> [Assignment]:
Given the records underneath, please repeat exactly the lines from the line with "Volkswagen T7 Multivan" through the line with "Lady Valiant (22)", passing over any picture.

> [Data records]:
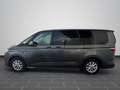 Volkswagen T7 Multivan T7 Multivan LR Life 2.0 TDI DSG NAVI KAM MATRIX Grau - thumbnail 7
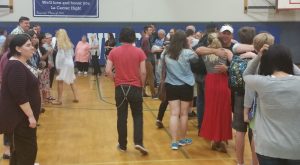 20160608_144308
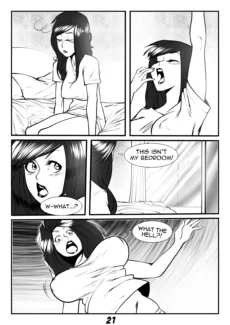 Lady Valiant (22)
---
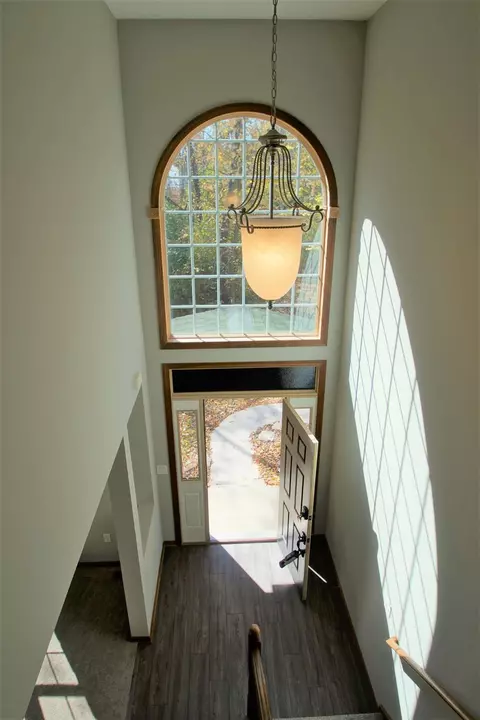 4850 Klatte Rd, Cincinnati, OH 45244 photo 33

> [Solution]:
 Volkswagen T7 Multivan T7 Multivan LR Life 2.0 TDI DSG NAVI KAM MATRIX Grau - thumbnail 7
 20160608_144308
 Lady Valiant (22)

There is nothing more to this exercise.